A subsequent analysis of the secreted proteome of the same CALERIE participants identified complement component C3a as a specific immunometabolic checkpoint: caloric restriction suppressed C3a, and its intra-adipose neutralisation reduced inflammaging in mice; the same reduction was observed downstream of FGF21 overexpression and PLA2G7 deficiency, two interventions that independently extend mouse healthspan (Mishra et al., 2026).

CautionCaveat — the distance between a slowed clock and a longer life

CALERIE is the strongest human evidence the field has, and it is worth being clear about what it does and does not show. It shows that moderate restriction is feasible for two years, improves cardiometabolic and immune markers, and nudges a measure of biological ageing (Kraus et al., 2019).
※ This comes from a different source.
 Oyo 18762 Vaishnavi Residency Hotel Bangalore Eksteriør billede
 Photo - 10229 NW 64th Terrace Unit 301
It does not show that restriction makes people live longer or postpones disease, because no human trial has run long enough to measure those endpoints, and it cannot, in a free-living population, disentangle the effect of restriction from the effect of the weight loss that accompanies it (Waziry et al., 2023). The internal heterogeneity of the trial itself reinforces this: telomere length was shortened in CALERIE participants during the first year of restriction before stabilising in the second, a result the authors interpret as the transient metabolic cost of weight loss outweighing the protective effect of restriction (Hastings et al., 2024). Different windows of the same trial, read by different molecular instruments, return different verdicts — a feature, not a bug, of measuring something as multidimensional as ageing. The same caution applies, doubled, to the mimetics: the metformin trial and the first rapamycin trials in healthy adults (Moel et al., 2025) are measuring safety and biomarkers, not lifespan. A slowed clock is a promising signal, not a proven outcome — and the gap between the two is exactly where this field is most often oversold, as Section 11.1 will argue.
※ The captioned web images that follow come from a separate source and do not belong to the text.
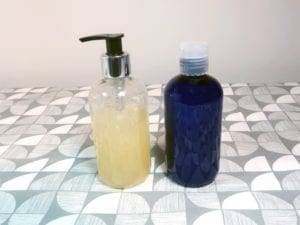 How to make a DIY clarifying shampoo at home.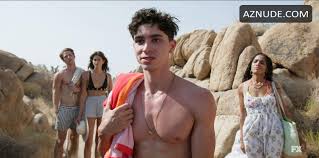 Powell nude gallery - all angles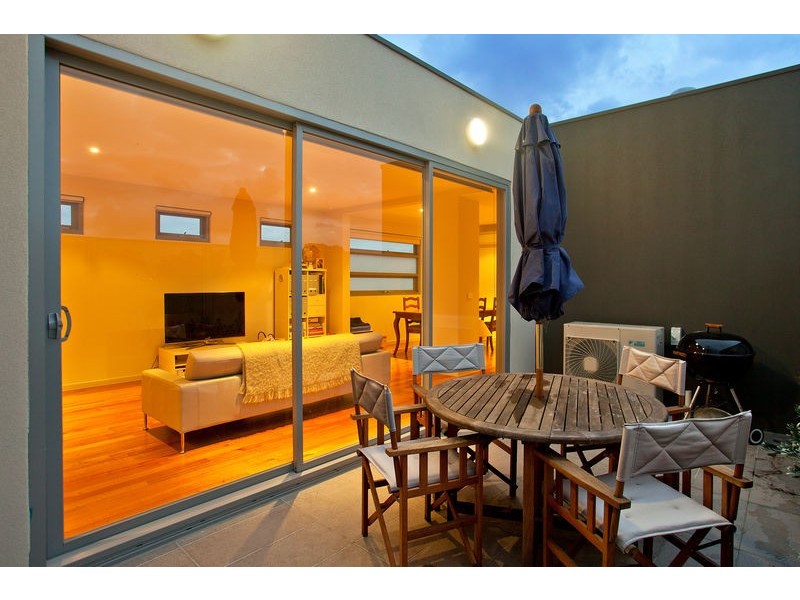 15/13 Winifred Street, Essendon VIC 3040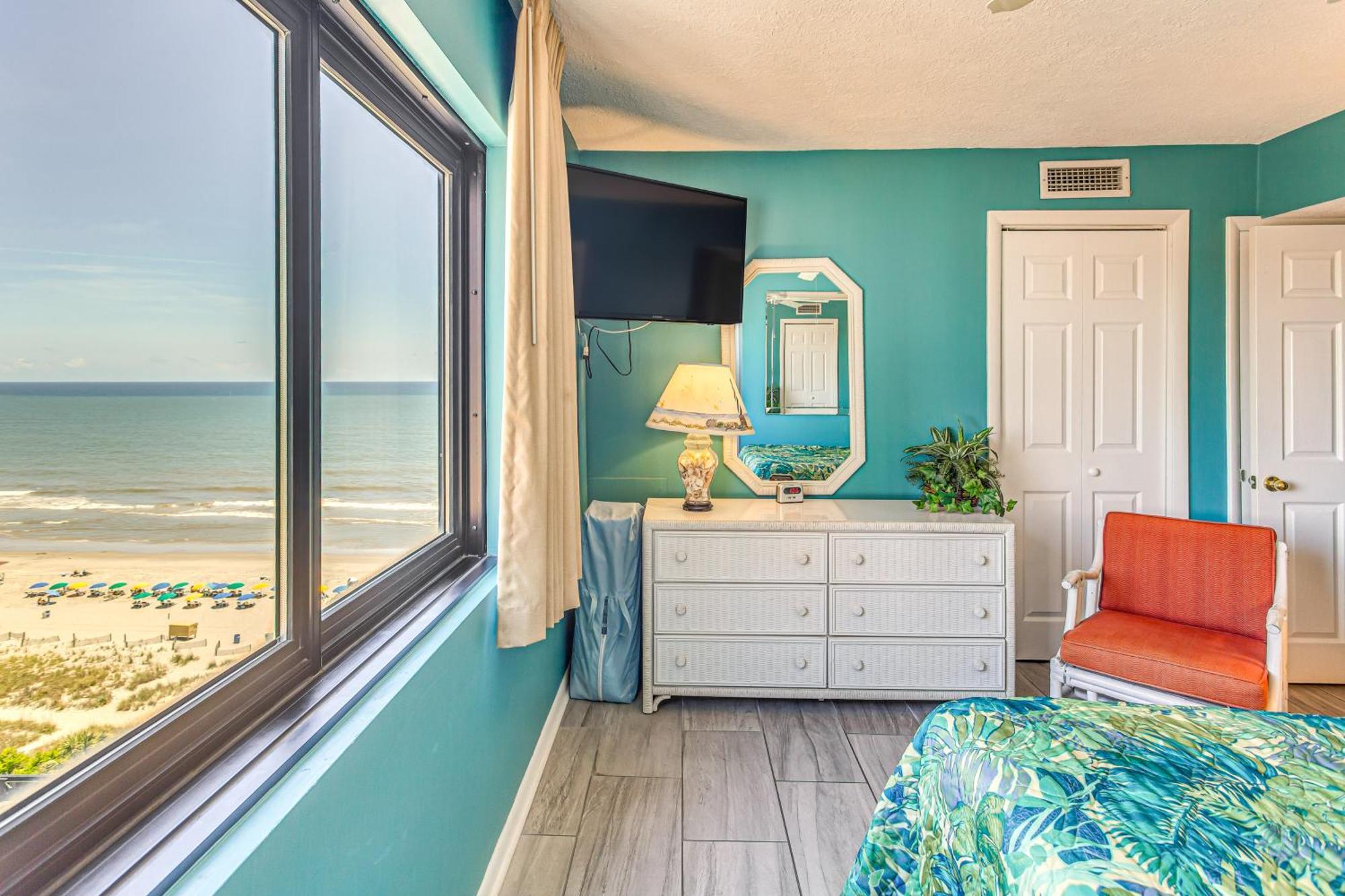 Myrtle Oceanfront With Covered Balcony! Apartment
Dietary restriction and its mimetics share a single logic: slow the rate at which damage accumulates by turning the cell towards maintenance. It is a strategy of deceleration, and a powerful one — but it is inherently a strategy of degree, buying time rather than reversing the clock, and it leaves untouched the damaged cells that have already accumulated. A cell that has tipped into senescence does not become young again because its neighbours are eating less.
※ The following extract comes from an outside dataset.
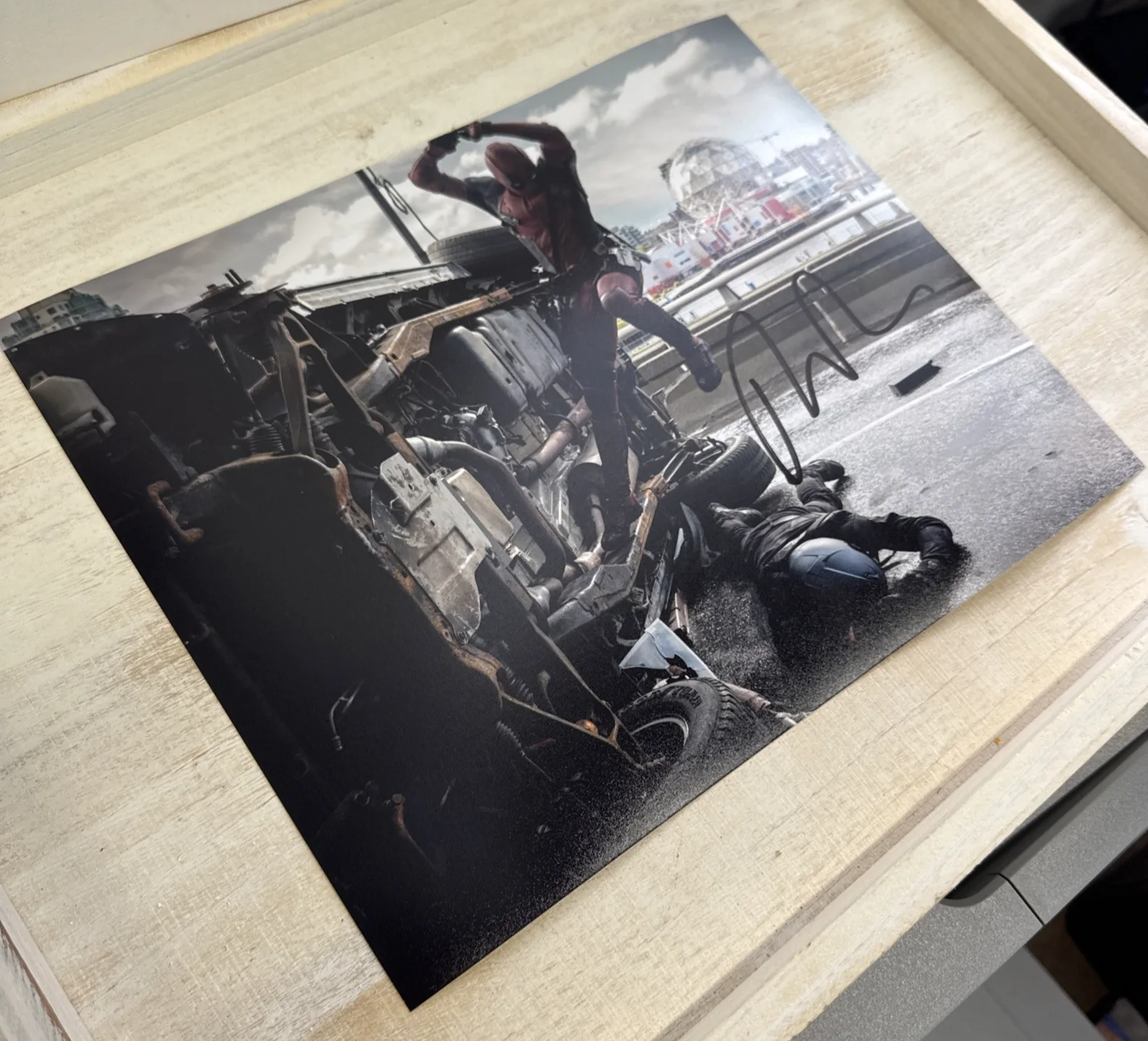 Ryan Reynolds — Ryan Reynolds Signed Autographed Photo 8x10 Marvel Deadpool Photo Proof & w/COA, image 3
That points to a different kind of intervention. If restriction slows the making of damaged cells, the next strategy proposes to remove them outright — to clear the senescent cells of Chapter 4 from ageing tissue and let what remains function as though younger. We turn from slowing the accumulation of damage to subtracting it: from dietary restriction to senolytics.